Karim Issar is not your conventional literary hero. Shy and diffident, tongue-tied and somewhat tone-deaf in the art of modern idiom (though as a Qatari removed to Manhattan this is not altogether surprising), he is, to all intents and purposes, Clark Kent without the clothes-change routine or the super powers… except perhaps one.

His gift for financial wizardry is about to surf the improbable in predicting oil futures and reap hitherto uncharted profits for his bosses at Schrub Equities. His programme for capitalising on oil prices becomes his first stab at English wordplay: "Capitalize + Oil = Capitoil. That's K-A-P-I-T-O-I-L", he says to his colleagues. "I want people to remember this was Karim-esque".

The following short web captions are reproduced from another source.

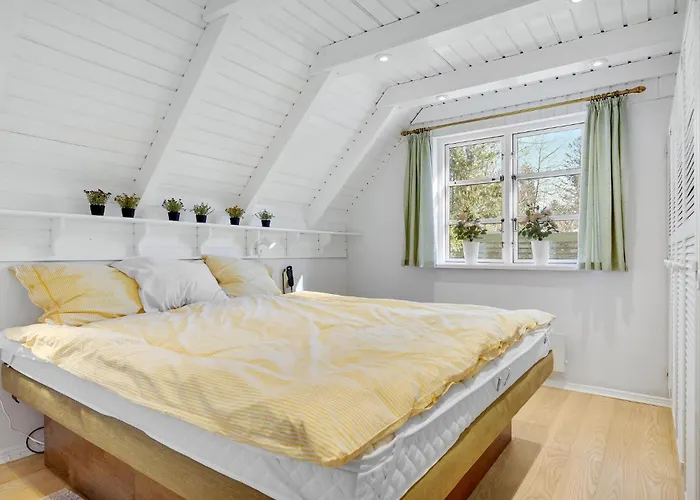 2 Bedroom Gorgeous In *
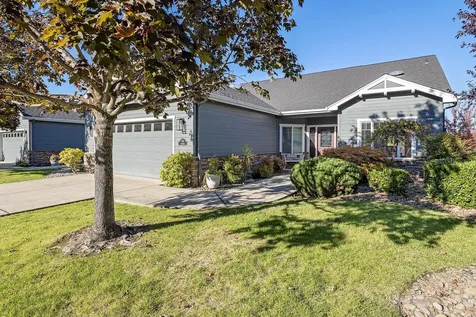 149 Skyhawk Drive Eagle Point OR 97524
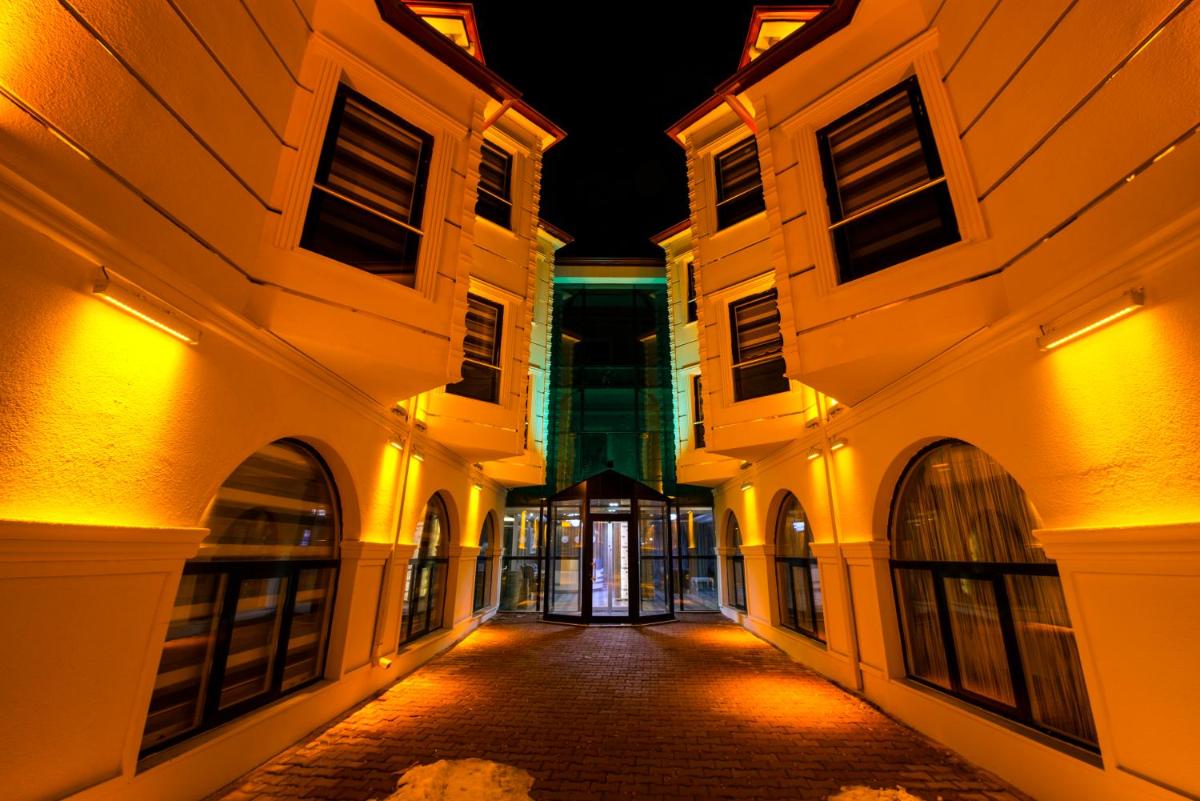Kars-i Si̇ri̇n Otel - Housity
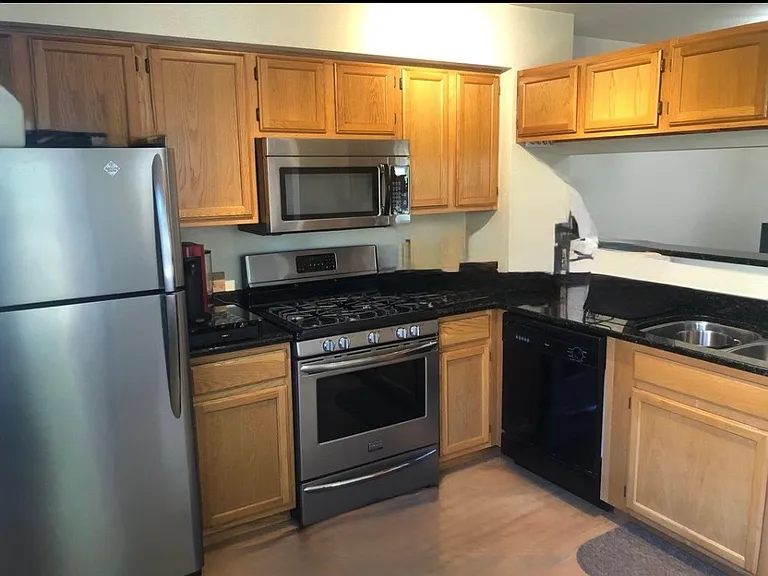 5030 Buckingham Rd — Photo 8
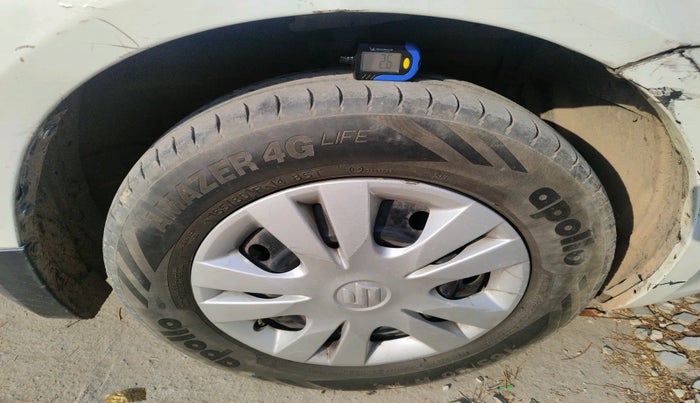 2012 Maruti Swift Dzire VXI, Petrol, Manual, 92,990 km, tyre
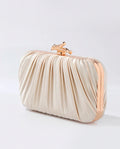 Bolsa Feminina Clutch De Festa Com Acabamento Em Cetim Plissado Bege Dourado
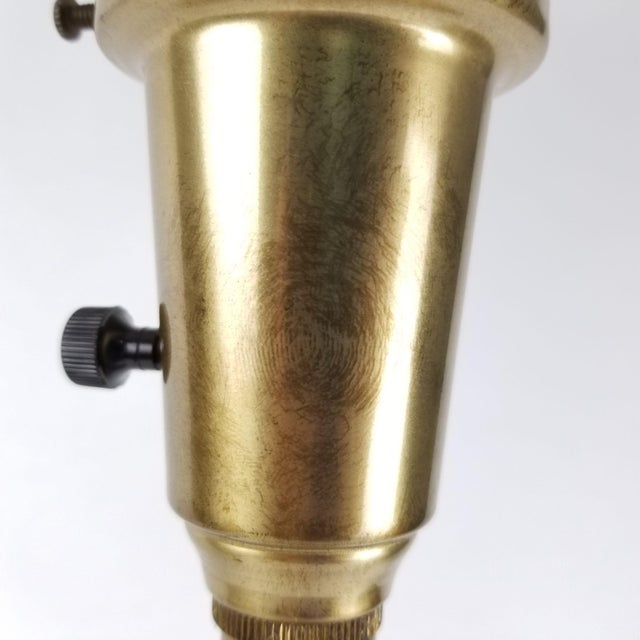 White Vintage Neoclassical Stiffel Table Lamp White Porcelain Gold Greek Chariot Design For Sale - Image 8 of 12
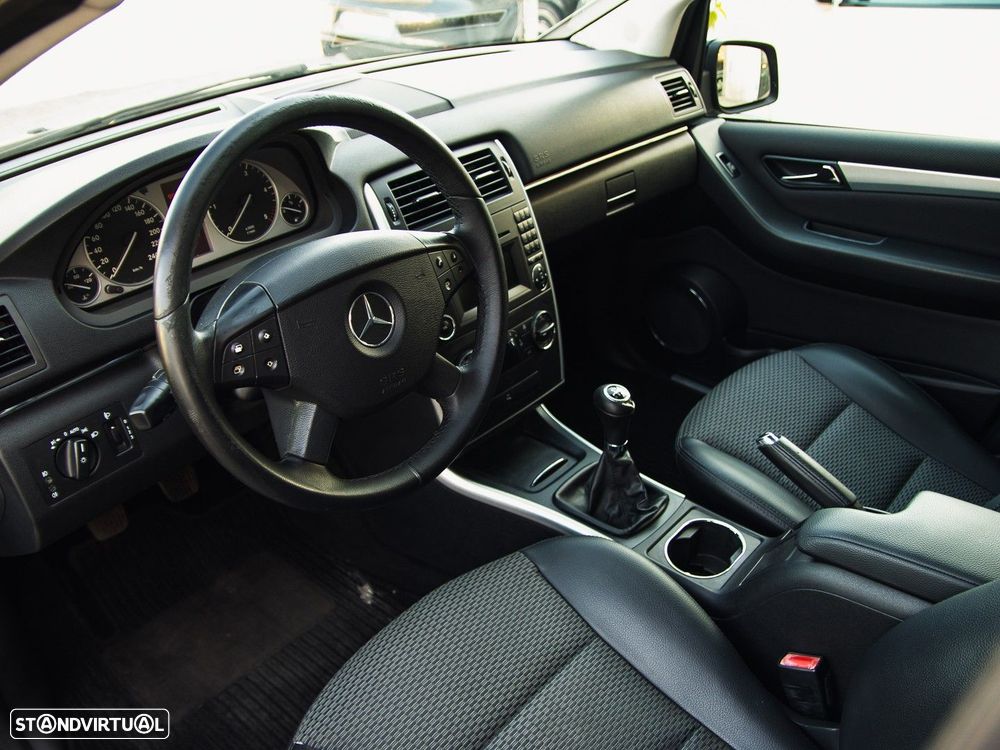 Mercedes-Benz B 180 CDi - 8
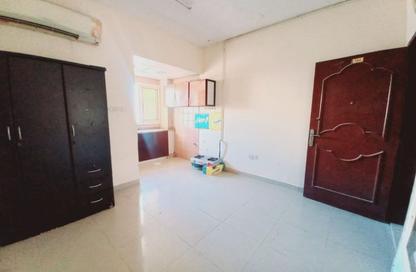 Apartment - Studio - 1 for rent in Fire Station Road - Muwaileh - Sharjah Apartment - Studio - 1 for rent in Fire Station Road - Muwaileh - Sharjah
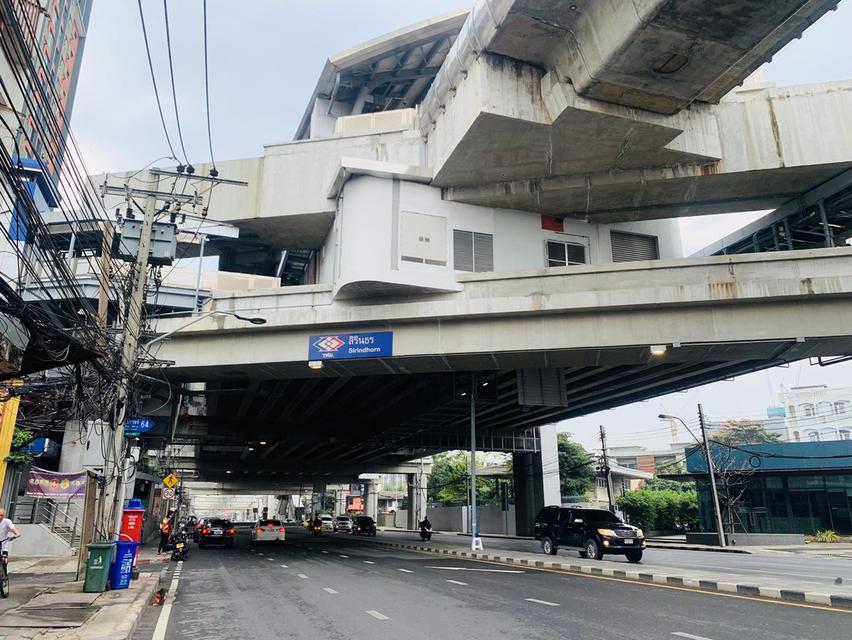 ขายบ้านเดี่ยวไม้ 2 ชั้น ในซอยจรัญฯ 62 แยก 3 ติดรถไฟฟ้าศิริธร หรือแยกบางพลัด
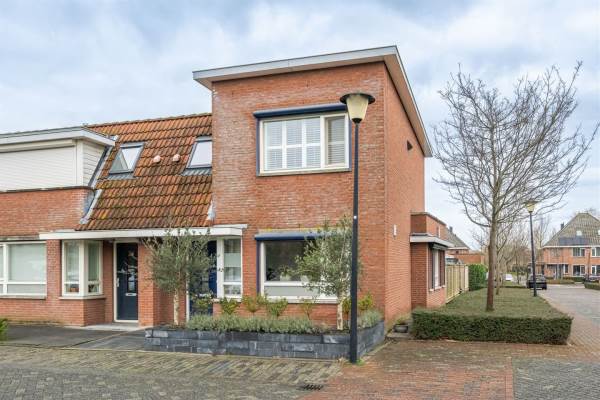 Woning Isaäc da Costastraat 69 Sommelsdijk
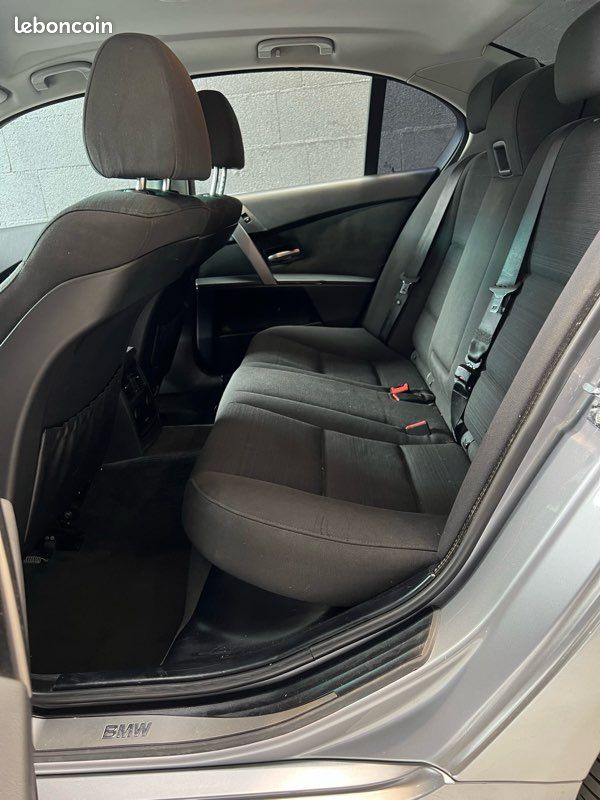BMW SÉRIE 5 523i 2.5 E60 177cv (image 7)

Big business and number crunching are subjects that leave me not so much cold as positively hypothermic. But Teddy Wayne digs way deeper than the surface sheen of the big deal and the fast buck. Warmth and humour percolate the emotional redundancy and moral vacuity that routinely inhabit the corporate world, resulting in a book both touching and funny, the sing-song rhythm of technical jargon acquiring an almost pop-lyric cadence.

This book's hero, at once needy and nerdy, astute and sublimely logical, loses his virginity…several times. He loses it to art, to music, to Halloween, Thanksgiving and Starbucks. He loses it to his colleague Rebecca Goldman (though he might already have actually lost it by then), and finally to racquetball, his first stab at sport and a game he perfects by calculating the cubic capacity of the court over the diameter of the ball multiplied by the number of balls the court can hold (1.76 million, but that shouldn't ruin the ending for you).

He is Clark Kent with just the one super power

In short Karim finally loses his cherry to the Great American Way without ever compromising his values. Well, once. He lays between Egyptian sheets with a half-Jewish American girl on the Upper West Side listening to Bob Dylan intoning With God On Our Side… during Ramadan. As his indomitable boss Derek Schrub had once told him: "Every day there are shifts so small you do not identify them, until finally you become a different person without even recognising it".

With the possible exception of Kurt Vonnegut's dystopian Player Piano, I can think of no debut novel that has more engaged and enthralled me than Teddy Wayne's offering.